We want these services to feel like the whole church is participating in ordaining these new shepherds and affirming and blessing the whole leadership. We want the charges and pledges to go both ways–the elders make promises to the church and the congregation makes promises to the elders. And I believe we have developed a model ordination ceremony that any church in our CofC tradition would find lovely.

 

 

 

 

First, we gathered around our elders and prayed thanksgiving and blessing over them. We asked all fourteen of our shepherds and their families to step out into the aisles so we could get to them, and we got out of our seats, put our hands on them and our arms around them, and talked to the Lord about them. We thanked God for the dedication of these men and their wives to seeking the Lord and following Christ and serving his Church. We expressed our love for them to the Father. And we lifted each of them–these men, their wives, their kids, their ministries, their service to our congregation–to the Lord in faith and trust.

 

 

 

 

 

Next, we brought all fourteen couples to the stage and their children and grandchildren presented the new guys with beautiful shepherds’ staffs as symbols of godly leadership. We want these staffs to serve as reminders that they are called to lead us with the same priorities our God lays out in Ezekiel 34: lead us to good pastures where there is peace and rest, keep the big strong sheep from running over the smaller weaker sheep, keep all of us from butting heads with each other, search for the lost and bring back the strays, and bind up the injured and strengthen the weak.
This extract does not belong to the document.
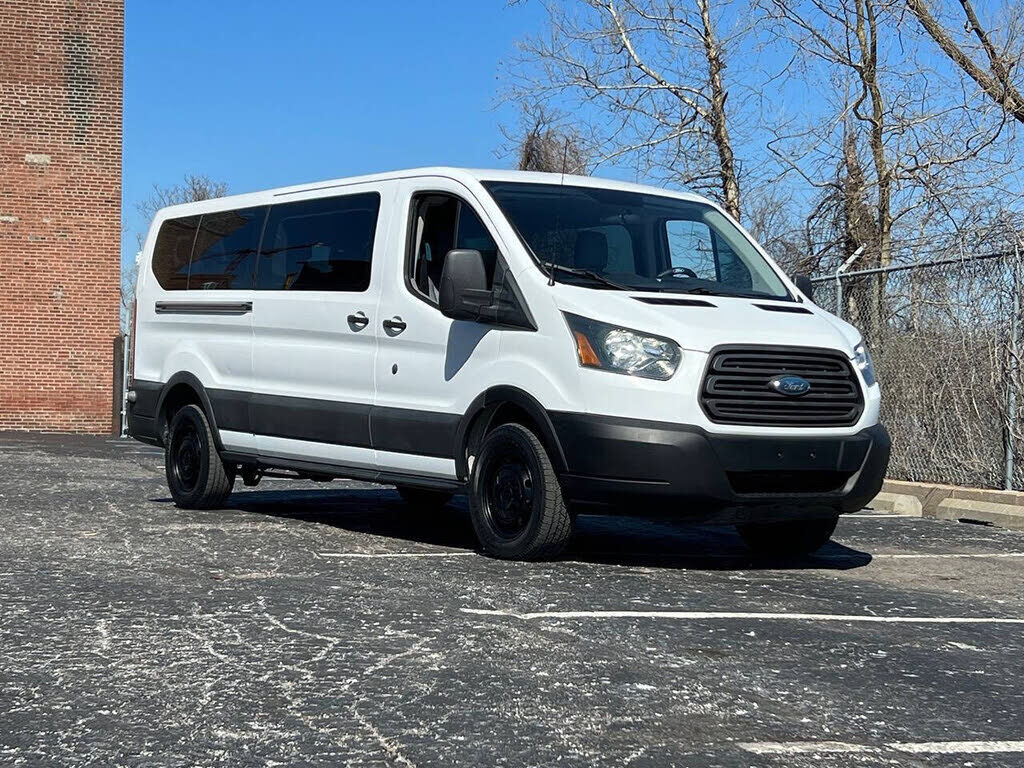 2015 FORD Transit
And then we charged our elders with the specifics. I started the charge, but we had our other members of the church stand up in the middle of the congregation to also address the shepherds with our expectations. It went like this:

Allan: On behalf of the church family here at Golf Course Road, in the presence of our God, in the name of our Lord Jesus Christ, and by the power of the Holy Spirit; believing that we have not acted in haste, but have prayerfully depended on our God; we charge you men to be faithful shepherds of our flock.

Then Chuck and Bonnie Sohl stood up from their seats on the east side of the Worship Center: Believing that the Spirit of God has called you this ministry and that you are a gift of his grace to our congregation, we charge you to accept this calling with humility and compassion. We charge you to devote yourselves to prayer, to commit yourselves to the ministry of God’s Word, and to consecrate yourselves to the earnest shepherding of our church.

Elders: By God’s grace, we will.

Then Alan McGraw stood up on the west side of the room and read the next lines: As you shepherd us, will you submit to the Lordship of Jesus and to his example by taking the very nature of a servant and considering the needs of others more important than your own?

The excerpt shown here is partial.